Imagine the future of spirituality! I am not a philosopher, nor a prophet. I am a simple writer. If we want to be happy we should not concern ourselves with the future, according to Seneca, who wrote that the spirit to whom the future worries is always unhappy." I will only say that the loss of spirituality, the loss of the ideas of great writers and humanists would be terrible.
-Kafka left us works like The Castle. Are you a fan of this writer?
-Kafka is an author I have always been passionate about. It is impossible to talk about him in two lines. A Jew born in Prague, with a degree in law, who worked as a bureaucrat in an insurance company, he had an unspectacular life, not at all brilliant. He was sick with tuberculosis at the age of 34, he wandered through several sanatoriums and died in 1924, thus saving himself from the Nazi horror and from dying, like his three sisters, in a concentration camp.
In The Castle, someone arrives at a distant castle where he has been hired as a surveyor. He tries to contact his employer, but never succeeds; he can only communicate with secretaries who are secretaries of secretaries, in an endless and absurd chain. The first book of his I read, America, made a deep impression on me. Then I found others. Apparently everything in them is absurd, fantastic. If we observe well, it is not as fantastic as it is, Our world, dominated by a gigantic bureaucracy for which the common man means nothing, in which everyday life can be totally absurd, where nobody is surprised by anything anymore and nobody cares about what happens to the neighbor, a neighbor whose name we do not know. I am talking about the world in general, each country has its particularities. A world in which drugs have taken hold, changing humans, in which death awaits around the corner. For me Kafka is one of the greatest writers of all times.
-Machado, in optimistic verses, assures us that "Today is still always ". Are you enthusiastic? Are you optimistic?

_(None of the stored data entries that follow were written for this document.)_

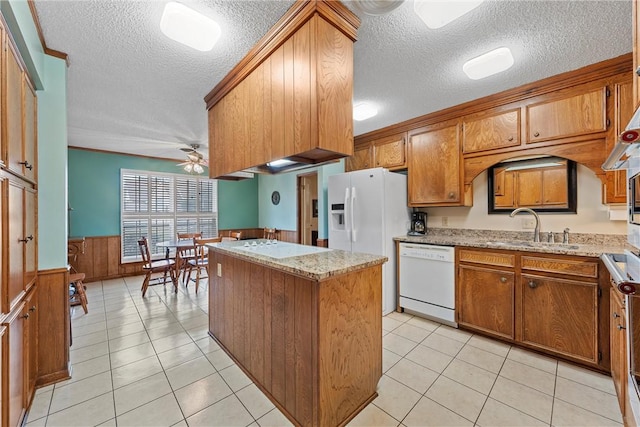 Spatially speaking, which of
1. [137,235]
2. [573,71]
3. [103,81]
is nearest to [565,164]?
[573,71]

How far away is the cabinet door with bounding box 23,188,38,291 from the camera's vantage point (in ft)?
5.11

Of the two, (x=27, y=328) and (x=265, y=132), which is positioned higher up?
(x=265, y=132)

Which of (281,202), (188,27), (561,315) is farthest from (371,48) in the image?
(281,202)

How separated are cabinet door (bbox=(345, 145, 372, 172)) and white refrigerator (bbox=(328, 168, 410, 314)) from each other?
1.95ft

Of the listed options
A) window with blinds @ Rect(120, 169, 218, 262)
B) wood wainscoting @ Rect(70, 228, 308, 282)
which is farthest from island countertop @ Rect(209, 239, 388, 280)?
window with blinds @ Rect(120, 169, 218, 262)

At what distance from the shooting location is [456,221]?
3271 mm

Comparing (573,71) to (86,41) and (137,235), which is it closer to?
(86,41)

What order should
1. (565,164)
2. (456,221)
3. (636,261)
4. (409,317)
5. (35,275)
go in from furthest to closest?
1. (456,221)
2. (409,317)
3. (565,164)
4. (35,275)
5. (636,261)

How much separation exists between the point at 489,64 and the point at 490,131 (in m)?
0.83

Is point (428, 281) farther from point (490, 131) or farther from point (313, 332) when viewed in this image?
point (313, 332)

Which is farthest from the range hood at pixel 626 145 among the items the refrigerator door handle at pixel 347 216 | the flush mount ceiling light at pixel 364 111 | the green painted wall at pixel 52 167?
the green painted wall at pixel 52 167

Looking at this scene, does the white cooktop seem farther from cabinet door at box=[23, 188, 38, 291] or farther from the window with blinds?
A: the window with blinds

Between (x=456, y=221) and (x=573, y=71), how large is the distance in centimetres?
174

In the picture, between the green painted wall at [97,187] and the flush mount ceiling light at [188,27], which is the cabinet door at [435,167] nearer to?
the flush mount ceiling light at [188,27] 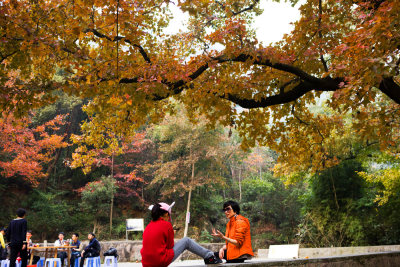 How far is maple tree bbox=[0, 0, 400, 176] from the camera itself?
444 centimetres

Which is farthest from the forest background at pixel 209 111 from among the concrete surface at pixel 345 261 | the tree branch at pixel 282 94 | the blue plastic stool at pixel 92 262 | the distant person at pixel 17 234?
the blue plastic stool at pixel 92 262

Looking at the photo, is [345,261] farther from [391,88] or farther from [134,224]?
[134,224]

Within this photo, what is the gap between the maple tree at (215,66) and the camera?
4438 millimetres

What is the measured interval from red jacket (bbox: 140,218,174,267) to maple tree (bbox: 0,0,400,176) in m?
1.94

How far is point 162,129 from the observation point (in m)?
19.1

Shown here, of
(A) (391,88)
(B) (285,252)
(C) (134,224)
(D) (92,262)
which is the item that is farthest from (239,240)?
(C) (134,224)

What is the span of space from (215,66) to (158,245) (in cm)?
327

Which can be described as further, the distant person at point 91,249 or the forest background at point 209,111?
the distant person at point 91,249

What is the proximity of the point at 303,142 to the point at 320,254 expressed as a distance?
→ 17.4 ft

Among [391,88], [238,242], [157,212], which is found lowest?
[238,242]

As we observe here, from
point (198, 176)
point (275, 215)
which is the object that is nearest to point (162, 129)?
point (198, 176)

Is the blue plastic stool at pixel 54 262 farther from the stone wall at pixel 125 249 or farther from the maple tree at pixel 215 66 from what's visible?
the stone wall at pixel 125 249

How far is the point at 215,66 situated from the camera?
5.82m

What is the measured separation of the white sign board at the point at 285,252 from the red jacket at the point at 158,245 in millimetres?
8560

-The reference to time is very frequent in Machado's poetry, especially in his early works. Am I enthusiastic? It depends. The word has several meanings, among others: exaltation and fervor of the spirit. Fervent adherence. Fury or rapture of the sibyls when giving their oracles. Divine inspiration of the prophets. Fiery and rapturous inspiration of the writer or artist, and especially of the poet or orator. I have never consulted the oracle of the sibyls, I am not a prophet, we must be careful with fervent adhesions and exaltation, which can lead to fanaticism and fundamentalism. I discard the meaning referring to the writer, because I have never had a fiery and rapturous inspiration. I would say that I am not an instant enthusiastic. I am if the moment and the fact that move me to enthusiasm deserve it.

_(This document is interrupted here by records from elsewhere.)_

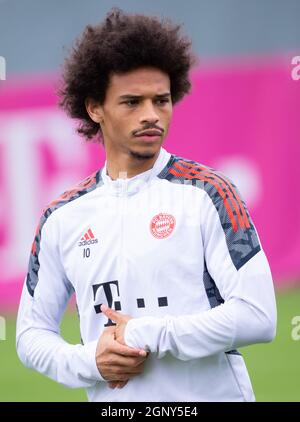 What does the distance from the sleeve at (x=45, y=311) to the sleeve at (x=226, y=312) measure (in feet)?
1.22

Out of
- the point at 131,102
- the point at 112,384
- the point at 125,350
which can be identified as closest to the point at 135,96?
the point at 131,102

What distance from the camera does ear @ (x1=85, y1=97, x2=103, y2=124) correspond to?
3.52m

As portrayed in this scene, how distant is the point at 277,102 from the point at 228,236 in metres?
5.42

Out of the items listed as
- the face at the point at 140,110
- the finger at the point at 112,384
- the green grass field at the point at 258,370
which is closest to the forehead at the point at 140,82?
the face at the point at 140,110

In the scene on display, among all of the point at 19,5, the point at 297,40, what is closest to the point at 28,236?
the point at 19,5

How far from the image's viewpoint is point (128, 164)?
3.37 meters

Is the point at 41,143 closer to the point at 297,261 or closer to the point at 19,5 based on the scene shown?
the point at 19,5

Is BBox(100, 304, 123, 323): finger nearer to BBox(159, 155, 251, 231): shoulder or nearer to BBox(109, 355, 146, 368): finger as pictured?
BBox(109, 355, 146, 368): finger

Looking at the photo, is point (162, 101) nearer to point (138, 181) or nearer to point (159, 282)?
point (138, 181)

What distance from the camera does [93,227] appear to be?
3.32 m

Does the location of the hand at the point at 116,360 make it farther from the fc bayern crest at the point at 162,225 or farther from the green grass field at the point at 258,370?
the green grass field at the point at 258,370

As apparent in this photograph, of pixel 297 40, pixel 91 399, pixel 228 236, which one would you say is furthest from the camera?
pixel 297 40

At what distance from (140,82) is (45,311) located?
894 mm

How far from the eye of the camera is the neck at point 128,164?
3.32 m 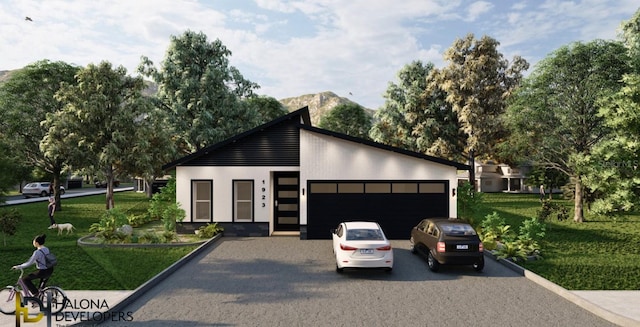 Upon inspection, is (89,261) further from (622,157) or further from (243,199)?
(622,157)

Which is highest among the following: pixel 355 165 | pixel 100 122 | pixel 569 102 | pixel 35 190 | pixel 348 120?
pixel 348 120

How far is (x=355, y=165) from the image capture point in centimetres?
1853

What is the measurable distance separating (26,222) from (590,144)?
33629 mm

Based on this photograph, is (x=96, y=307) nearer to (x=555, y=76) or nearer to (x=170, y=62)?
(x=555, y=76)

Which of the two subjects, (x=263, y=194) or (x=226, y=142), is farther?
(x=263, y=194)

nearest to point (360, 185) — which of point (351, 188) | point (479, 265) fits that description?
point (351, 188)

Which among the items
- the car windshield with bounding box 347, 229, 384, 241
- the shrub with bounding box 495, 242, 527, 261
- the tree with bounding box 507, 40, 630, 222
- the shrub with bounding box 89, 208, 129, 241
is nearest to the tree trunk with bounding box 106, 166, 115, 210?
the shrub with bounding box 89, 208, 129, 241

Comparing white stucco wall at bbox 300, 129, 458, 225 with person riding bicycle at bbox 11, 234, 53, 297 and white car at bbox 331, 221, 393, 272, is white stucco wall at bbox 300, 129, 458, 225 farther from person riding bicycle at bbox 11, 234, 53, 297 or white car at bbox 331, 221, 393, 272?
person riding bicycle at bbox 11, 234, 53, 297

Is it optimistic? The same thing happens to me as with enthusiasm. Above all, I am a realist, understanding realism as the way to present things as they are, without softening or exaggerating them.
-The Fair will reprint some of your books. Which ones? Will there be any novelty?
-Letras Cubanas publishing house will bring out a reprint of my novel Llueve sobre La Habana (rains in Havana), and Capiro publishing house will publish a new book, El amor a los cincuenta (love at fify), which gathers a selection of my previously published short stories. Sed de Belleza (thirst for beauty) publishing house will reprint El polvo y el oro (Dust and gold).
-Do you find the idea pleasant? How do you see your relationship with new readers who have not yet read your work?
-Of course, it is very pleasant. Young people, because of their age, come with a different vision and new tastes, very much influenced by the new communication technologies: reading a 500-page novel on paper or watching a Turkish soap opera on a cell phone? I would like them not to get bored with my reading and, even if they do not stop watching the soap opera, they read me.
- What to do so that so much "literate" humanity discovers a taste for reading?
-Offer them good literature that excites them, in which they see themselves reflected.